## Available data
+ + + + +

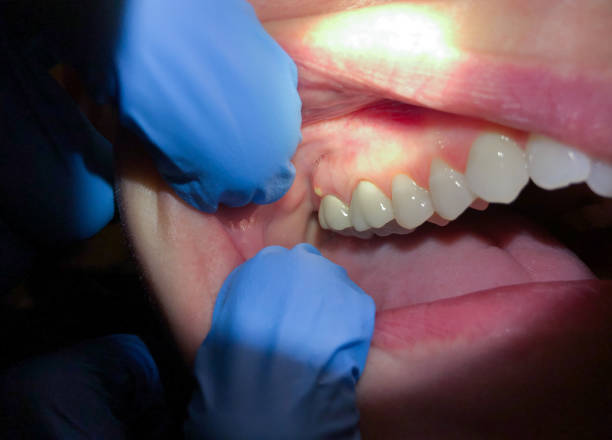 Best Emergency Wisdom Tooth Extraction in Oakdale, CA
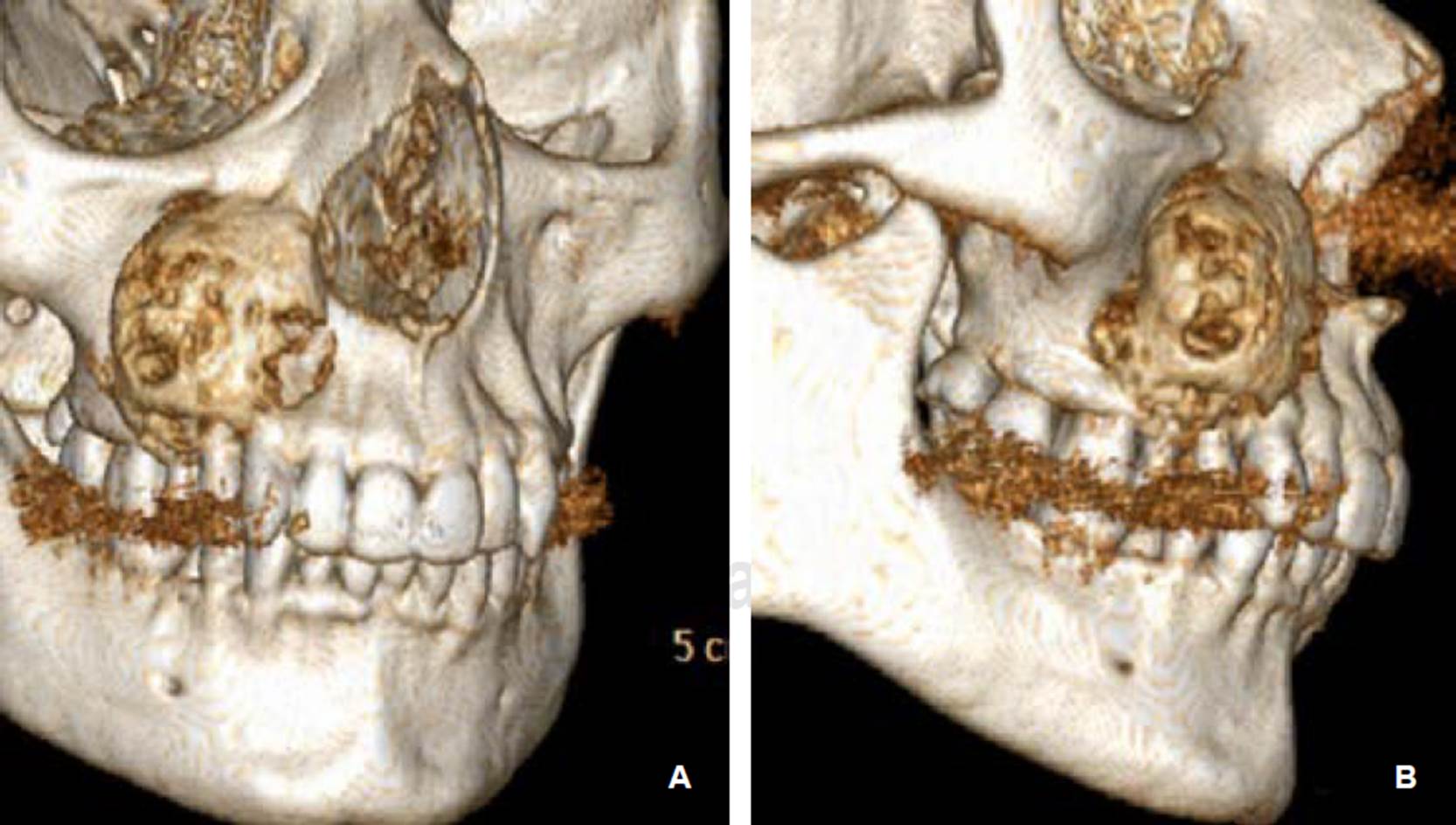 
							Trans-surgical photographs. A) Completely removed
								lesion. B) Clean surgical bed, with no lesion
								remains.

+ + + + +

Return the listing above word for word. Keep the images out.

## Exercise result
 Best Emergency Wisdom Tooth Extraction in Oakdale, CA
							Trans-surgical photographs. A) Completely removed
								lesion. B) Clean surgical bed, with no lesion
								remains.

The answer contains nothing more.